Are you offering products that they aren’t?
Are there things that neither of them offer but should consider?
3. Compare Keyword Rankings
Now it’s time to get into keyword specifics. There are two basic steps to proper keyword analysis:
Make a list of relevant topics you want to cover.
Find keywords that fit into each of those topics.
What To Do
Once you have some keywords you want to target, search those on Google and Bing to see how your competitors fair with them. How are they using those keywords in their web content? Are the results from a blog or a webpage?
You can also take time to find keywords that your competitors aren’t yet ranking for. And are there questions customers are asking about your industry that you can’t find the answer to? You can answer these questions to get a foothold on search engines.
Keyword Research Tools
In order to get serious about keyword research, you have to go deeper than the general search inquiries we made in the first step. That’s where these keyword research tools will come in handy:
Use these tools to see how competitive a certain keyword is to rank for.
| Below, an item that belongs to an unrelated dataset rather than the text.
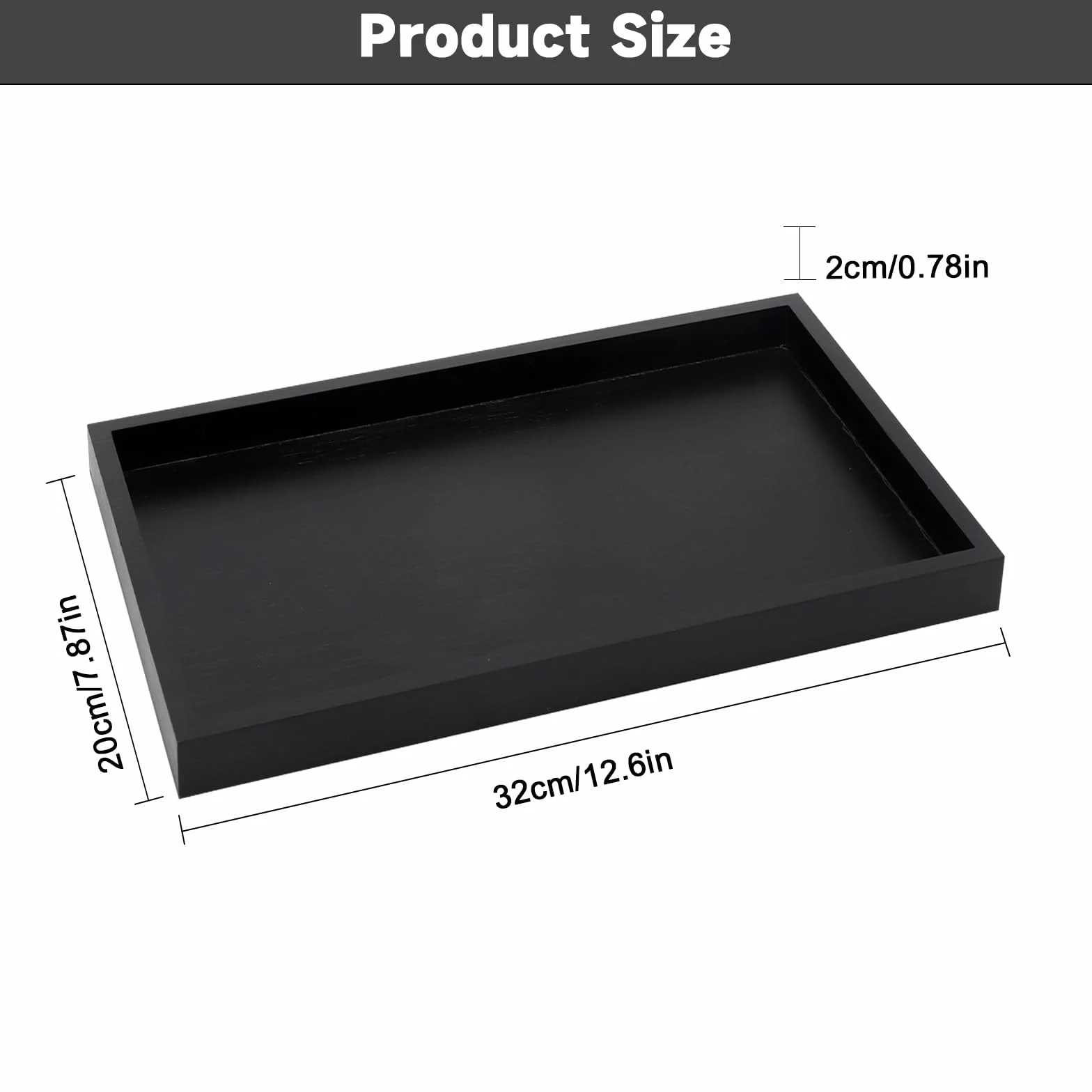 Drewniana taca do serwowania 32x20x2 cm czarna prostokątna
You can also find long tail keywords that are easier to rank for, and can start scoring you points towards a higher ranking on Google.
Make a list of what topics you want to rank for.
Now that you have your topic ideas, think of keywords that fit into those topics. Use the online tools provided above to find out each keyword or phrase’s volume and ranking difficulty to determine which keywords you should go for.
4. Analyze Their Engagement Levels
Because there are so many ways your competition can communicate with customers, you’ll have to be all over the board to see how customers are responding.
Social Media Channel Checklist
Use this list to make sure you’ve really checked all of your competitors’ channels:
What To Do
Check all of their social media channels and blog pages and look for the following:
The average number of likes, comments, and shares.
The tone of the comments from customers (positive or negative).
What topics seem to be more popular.
Which channels have the best engagement.
How your competitor categorizes their content.
From there you can determine what kinds of content work better than others to save yourself time and money in your marketing efforts.
5. Conduct a SWOT Analysis
A SWOT analysis can be used to determine the best opportunities within a business venture. SWOT stands for Strengths, Weaknesses, Opportunities, and Threats. One of its most useful applications is for analyzing your competitors.
What To Do
Go through each section of the SWOT analysis for each of your main competitors. And do the same thing for your company. You may have to do some extra digging, but it will be worth it to discover advantages. Use these questions to guide your analysis:
How is their business different from yours?
What unique resources do they offer?
What is their unique selling proposition?
What skills do their employees have that your company lacks?
What positive things do their customers say about them?
Do they have a strong customer base?
What expertise do they lack?
How does your company fair better than theirs?
What are some negative things customers are saying about their company?
Are there positive industry trends that their company could benefit from?
Is there a niche market they currently are not targeting?
Could they get more customers by offering something more?
Is their target market changing in a beneficial way?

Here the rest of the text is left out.